When she leaves, Grandma Miri gives Nessya a packet of letters written by her family members and tucked into their diaries, all of which her grandmother had spent two weeks translating for her granddaughter and including her own memories of her family during the Holocaust.  The story of her family's survival is her gift to Nessya for her upcoming bat mitzvah.

Miri's story is riveting.  The Eneman family is often on the run after escaping the Munkács Ghetto, in hiding and living in fear, separated from other family members and never knowing what is happening to them.  All the while, Miri's father manages to anticipate what to do and stay one step ahead of Nazi actions, even hiding in plain sight in Budapest.  At one point, they find themselves living in and caring for a grand apartment after the owner flees to Switzerland.  Here, they lived across the street from the virulent anti-Semitic Hungarian pro-Nazi Arrow Cross Party's headquarters and under the nose to an equally anti-Semitic concierge.  But can their collective luck whole out until the end of the war?

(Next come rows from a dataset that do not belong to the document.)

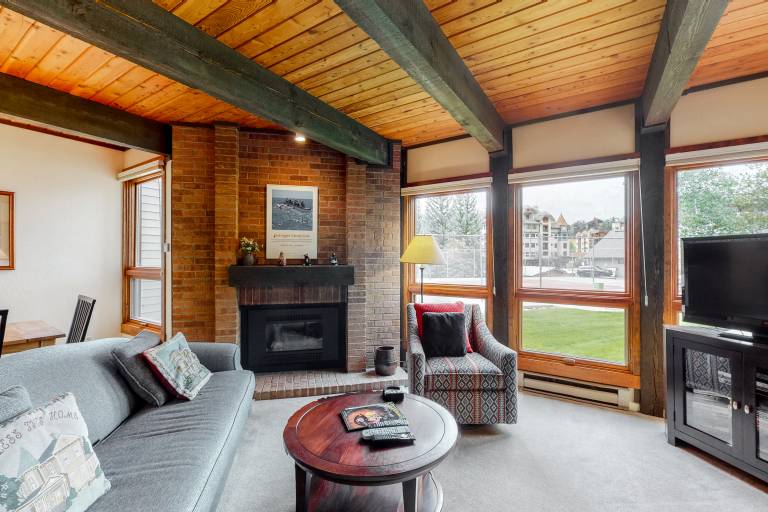 Condo Steamboat Springs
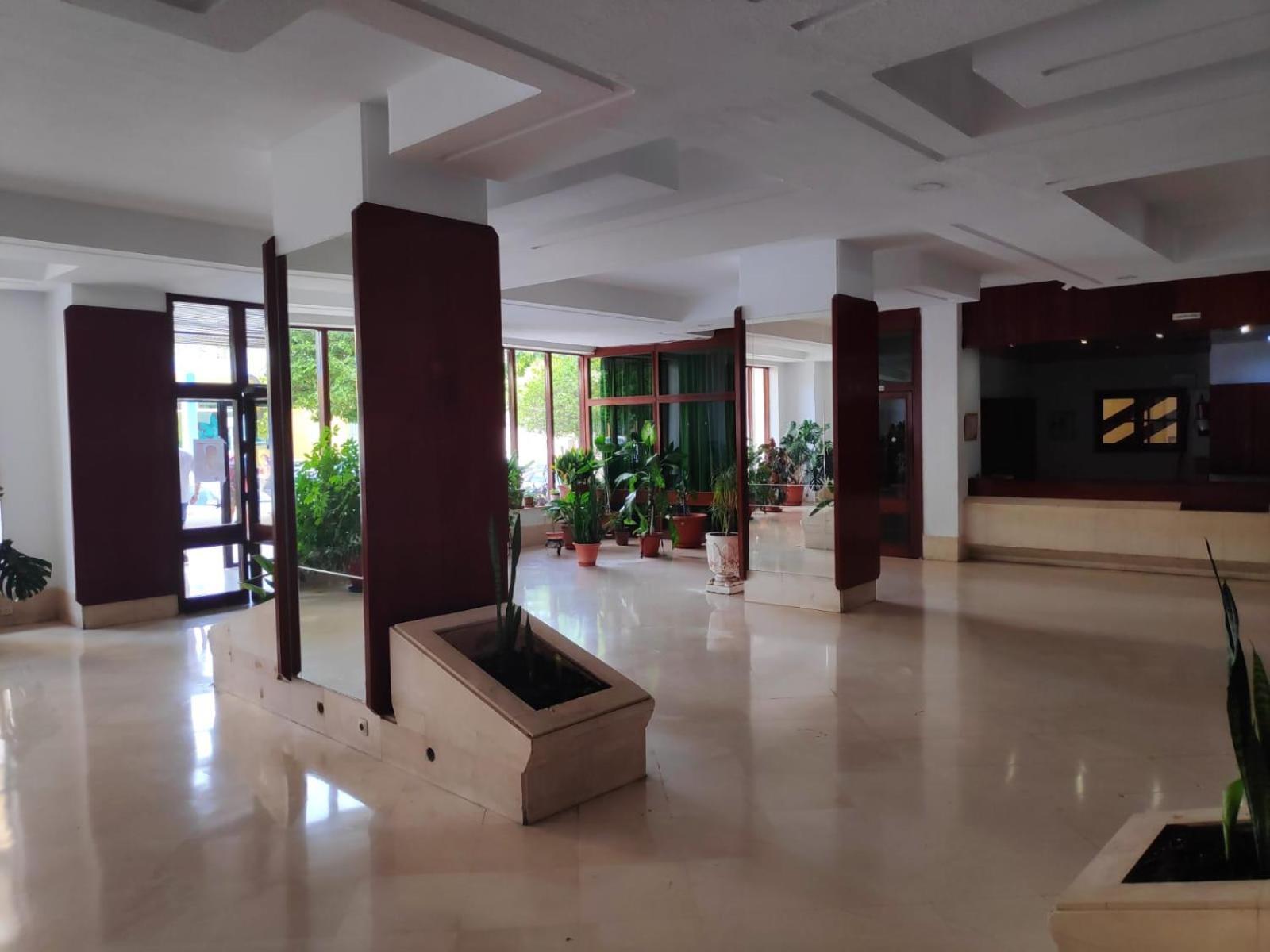 Ver952 - Vistas Mar Y Piscina, Wifi, Playa 600 Metros, Centro 150 Metros Torremolinos Exterior foto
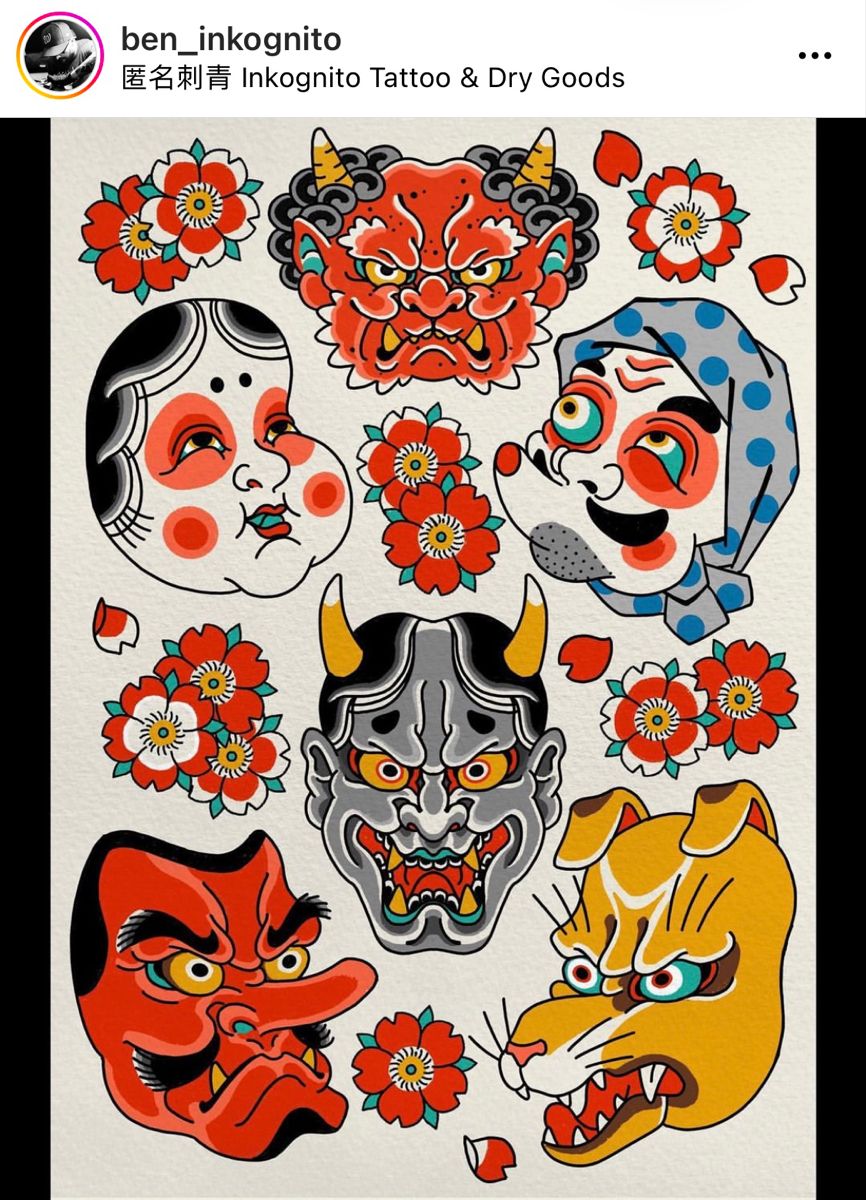oriental-japanese-tattoo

Escape in Time is a truly apt name for this novel about one Jewish family's survival during the Holocaust.  It is a story of courage, daring, luck and survival doing whatever needs to be done.  Lowenstein-Malz based this story on actual memoirs giving it a real sense of authenticity.  The book is written in such a way that the reader reads Miri's story right along with Nessya, but there are occasional breaks where we see her reaction to what she is reading (don't be surprised if your reactions are similar to hers).

There aren't many good middle grade books about the fate of Hungarian Jews in WWII so this is a welcome additon to the body of Holocaust literature.  For so long, they, like the Eneman family, thought they were safe, but it was just a question of time and politics and it all changed.  It is one of the reasons that I found myself so drawn into Miri's memories, and her family's letters and diary entries.  This is a slightly different Holocaust story in that, interestingly, no one in Grandma Miri's immediate family spends any time in a concentration camp, though extended family were sent there from the ghetto in 1944.  Young readers will not only meet this courageous family, but they will also meet some really good people willing to help the Enemen family as well as some really hateful people who would turn them in in the blink of an eye.

Escape in Time was originally written in Hebrew and I found the translation to be a very smooth one.  Having done some translating myself, I know it is often hard to get together all the elements that make a book great, but that wasn't a problem here.

Throughout this novel, there are realistic sepia-toned portrait illustrations that enhance the narration about the Eneman family.

Miri and her older sister Magda
Escape in Time is a well-written book with well drawn, realistic characters for young readers interested in the Holocaust or historical fiction, and since it is a story of survival against great odds, don't be surprised if you shed a few tears along with Nessya.  I did.